Usually I would keep this psychological insight to myself, but I think it has implications for providing services at the library:

(1) This probably sounds trite, but motivation and attitude can change everything. Once something seems interesting, the amount of time and energy invested doesn't seem as big a chore -- Suddenly there is no need to avoid it.

(2) I care about words and sound in general, and so I find myself concerned about preserving books and audio. If the task before me was "Read X" or "Listen to X," and I did not care about words or sound, would I care about books or audio files? Probably not.

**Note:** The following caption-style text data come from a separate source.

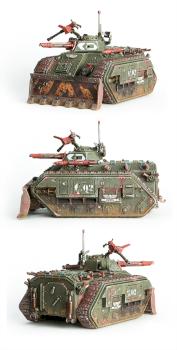 Imperial Guard Chimera by Jack Bauer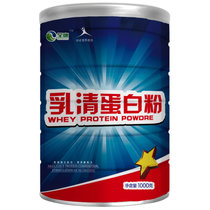 全康 蛋白质粉乳清蛋白粉1000g*1罐 健身增肌粉 增重健肌粉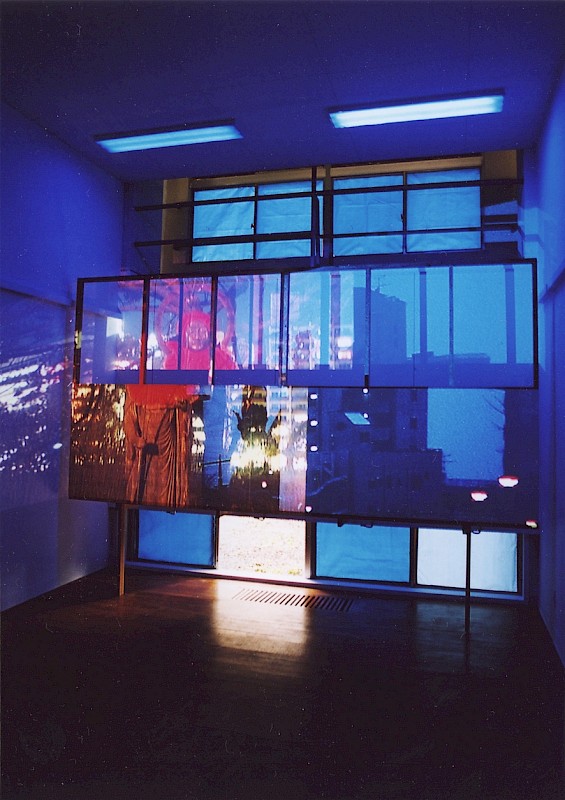 Ueno Park I, installation in daytime
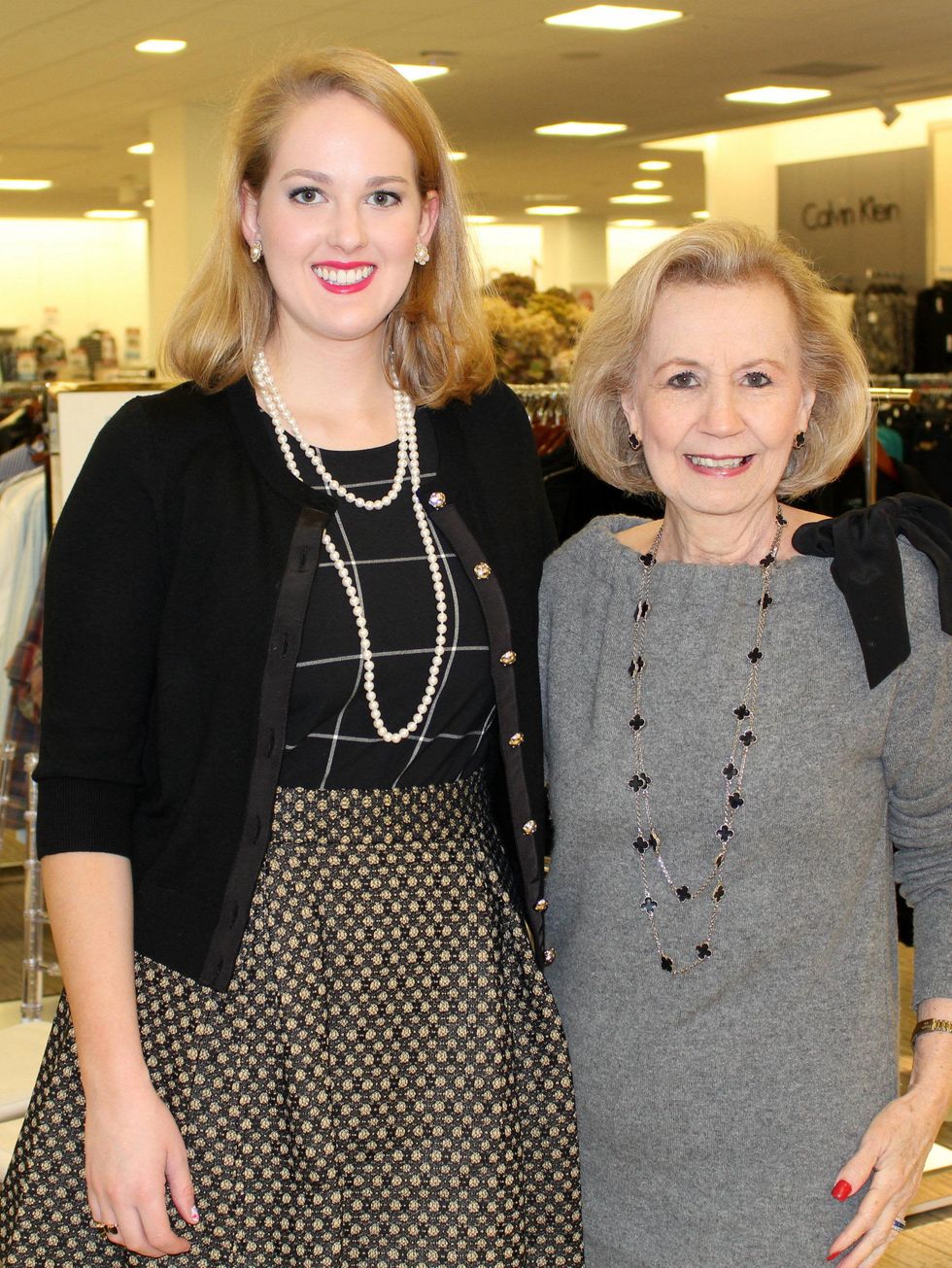 Alex Small, Yvonne Crum, Spring Belk Fashion Tour
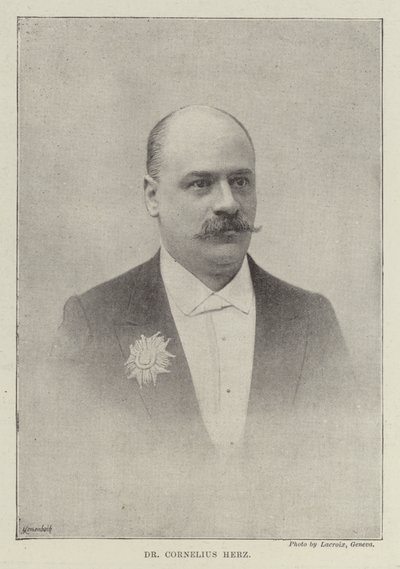 Dr Korneliusz Herz autorstwa English Photographer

I'm short on numerical data, but I venture to guess that this is the case for many of our students.

(3) When I do not want to do something and finally talk myself into it, I move from Point A to Point B as quickly as possible. This is labor in the fullest sense of the word. Again I don't have the numbers to back myself up, but I wonder if this is where the bulk of our students find themselves when they use the library. It is also why the library needs to make its processes as convenient as possible: We can and should always dangle out the possibility of further exploration for when a student comes to agree that Literature Is Fun, but we cannot depend on this happening, and this assumption cannot be the library's bread and butter.

(On a side note, reading the discussion of book piracy at Mad Woman in the Forest makes me wonder: Does anyone pirate books due to the convenience & immediacy, and not only because they're free? I think libraries are mostly successful at replicating the convenience & immediacy of file sharing servers as they foray into collecting digital content, so it'll be nice when people don't have that excuse.)

To return to the title of this post, it's very easy for librarians and regular users to forget that many students turn away from the library because they perceive using it to be a chore. This is worth keeping in mind when we try to win them over.

1 comment:

  1. But you have such a nice building!

    There are certainly students who come to the library to study and hang out, and I think libraries who work hard to make their library an appealing, inviting place for students to be get it right. I wish my library would do more in that direction. And I think that inertia is a major factor in that people who are working on something don't like to interrupt themselves get up and go somewhere, even if it is essential to what they are working on. So that's part of it.

    The "cleaning the bathroom" aspect of this for many students probably isn't the library itself (although libraries do tend to throw a lot of barriers in users' way that can create that feeling) but school and studying in general--it's not so much that they don't want to go to the library so they can do the research to write that paper as that they'd rather not write the paper at all.